And by organizational competitiveness I mean the aptitude to leverage strong sustainable practices, as one would any competitive advantage (say, human resources or public appeal – as we will discover below), to yield demonstrably better results, returns or other measurable outcomes compared to competitors’ with poorer sustainability practices.
Listed below are two consequential reasons to adopt sustainability-turned-competitive advantages within your business:
Sustainability, like human resources, is only starting to take seat around the proverbial executive table and it too involves engaging in discussions with key stakeholders, understanding opposite parties’ respective needs, and weighing a balance between the organization’s strategic interests and its wide-ranging partners’ collective and individual ones;
Bearing the overlap between sustainability and human resources in mind, it becomes apparent then that when sustainability improves, so too does human resources (I will explain).
Human resources exists, in its broadest context, to engage employees through a vibrant and buoyant corporate culture, to align them under a shared collective vision, to provide inspiring work that appeals to employees’ interests, to ensure a healthy and unintimidating work environment, and to retain talent all while promoting attractive openings unto prospective new talent.
Simply put, human resources hinges on its ability to engage, align, and attract people.
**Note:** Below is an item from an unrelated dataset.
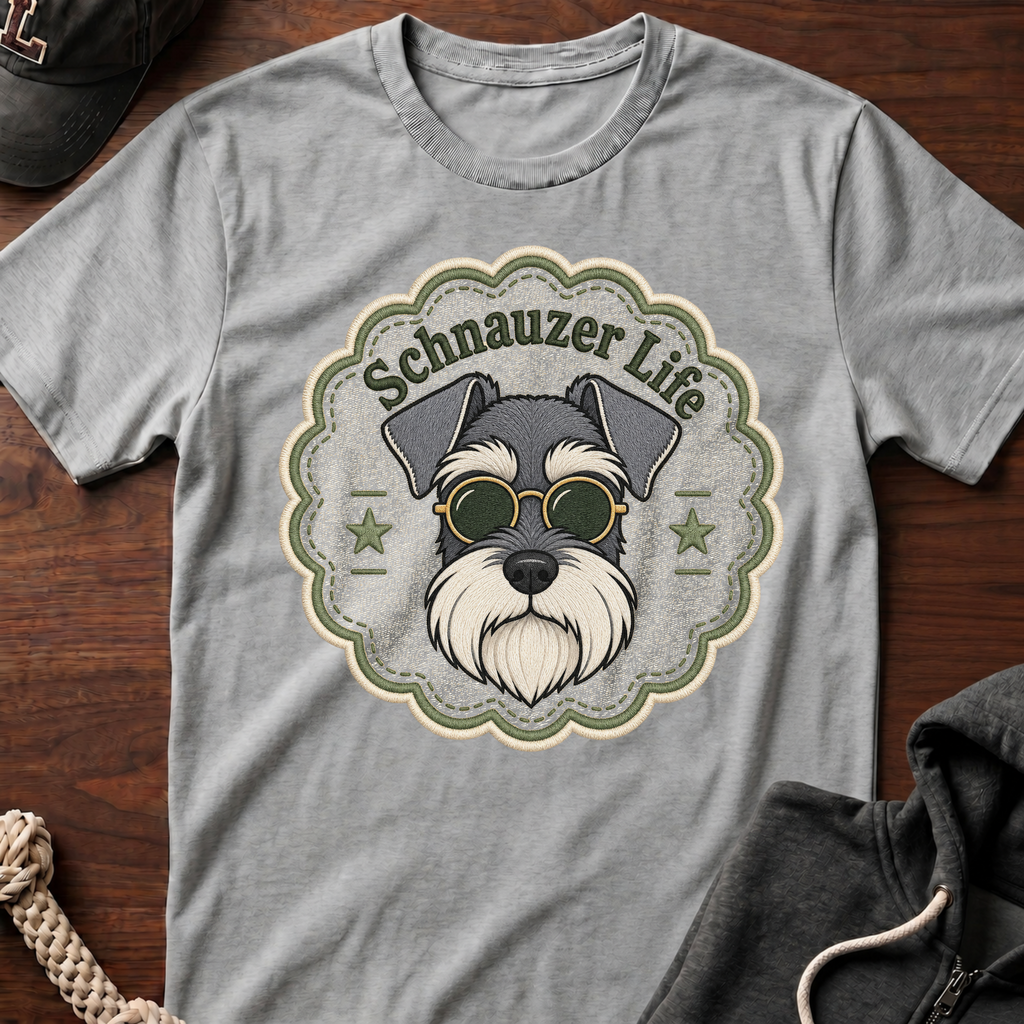 Schnauzer Life Emb T-Shirt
Sustainability contends a similar role: it too engages employees with challenging, albeit exciting, problems, aligns stakeholders behind a shared green vision, and, through achieving the latter two points, attracts new employees to the organization’s responsible approach to business while also reducing the organizations environmental impact.
And as businesses grapple with newer and less resource-depleting ways to retain or attract talent, sustainability becomes increasingly important and serves as a distinguishably competitive way to get one up on competitors.
That said, truth lies in numbers. Here they are: Morale among employees within companies with strong sustainability programs saw a 55% increase compared to the base value and thereby reduced turnover, absenteeism and burnout by 25% to 50%. All to say that strong sustainability equates to a demonstrably stronger human resources. (Download our business case to see more stats like this)
Organizational prosperity relies largely on consumers, suppliers, or partners and on their willingness to work with organizations based on their service, quality, price and, increasingly, their resulting social or environmental impact. Consumers are overwhelmingly concerned by the role businesses play in either exacerbating or curtailing climate consequences (87%) and vehemently support companies with purpose-driven missions (79%).
That matters because businesses, big and small, exist to serve customers and thereby rely, in massive part, on their repeated purchases and loyalty or on attracting newer customers. Among the growing consumers that are concerned by the role business plays in the climate crisis, 54% reported their willingness to spend a premium on products that are either socially or environmentally procured whilst another 50% surveyed expressed interest in switching to brands with stronger social and environmental strategies.
All to say that in a business’s quest to appeal to its consumers, suppliers or partners and as a way to distinguish its value proposition among competitors, sustainability represents a proven competitive advantage. Be it through limitations in scope 1, 2, and 3 emissions, compliance with internationally recognized accreditations or protocols, waste reductions, circular packaging, or merely embedding green practices into corporate policies, sustainability makes good business, hedges any looming scrutiny, and espouses a truly sustainable competitive advantage – in a dual green and business sense.
So businesses, stop equating sustainability to tree hugging and start seeing it as a competitive advantage!